- _WHAT YOU NEED TO DO_: Set down the data below from its first line to the line holding "pool with a patio and fence", inclusive; omit all pictures.

- _STORED DATA_:

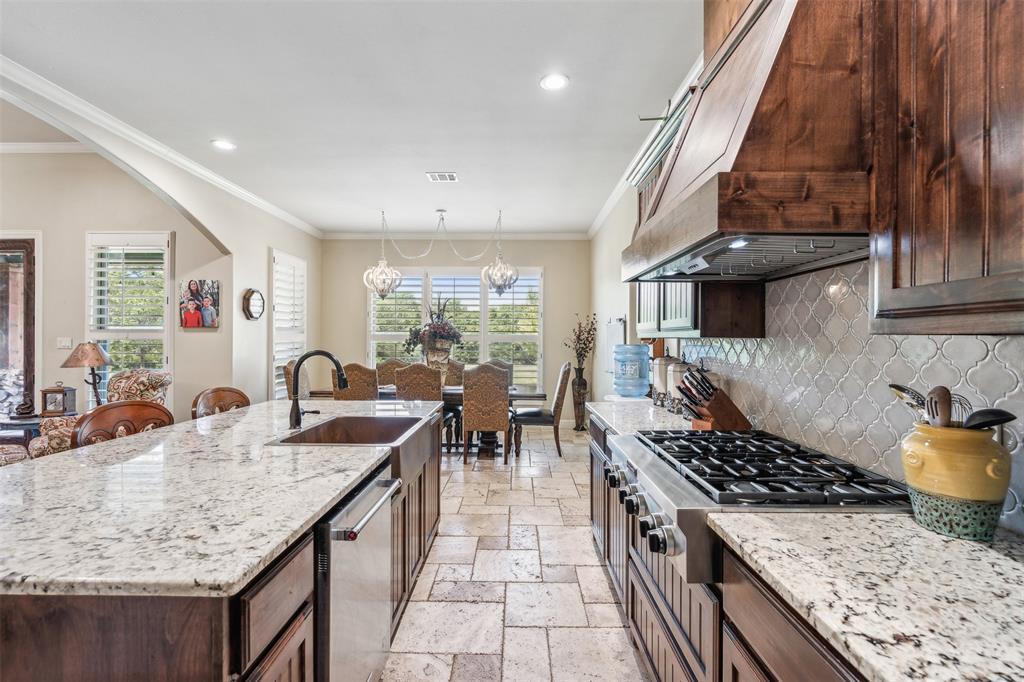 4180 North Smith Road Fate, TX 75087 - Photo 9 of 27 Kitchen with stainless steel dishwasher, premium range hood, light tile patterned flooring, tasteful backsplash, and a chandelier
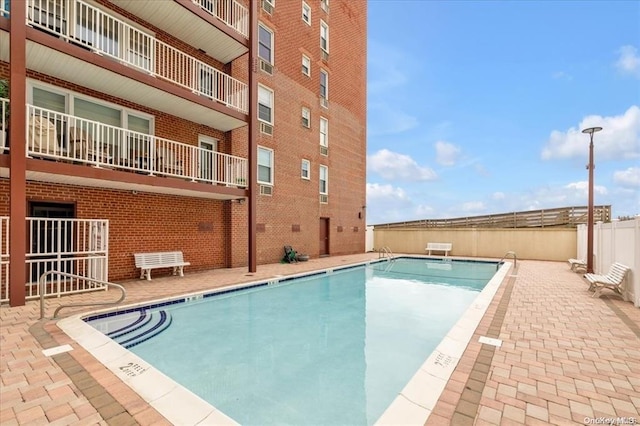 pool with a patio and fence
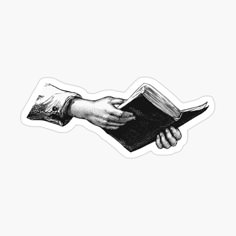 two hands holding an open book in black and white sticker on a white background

- _WRITTEN ANSWER_:
 4180 North Smith Road Fate, TX 75087 - Photo 9 of 27 Kitchen with stainless steel dishwasher, premium range hood, light tile patterned flooring, tasteful backsplash, and a chandelier
 pool with a patio and fence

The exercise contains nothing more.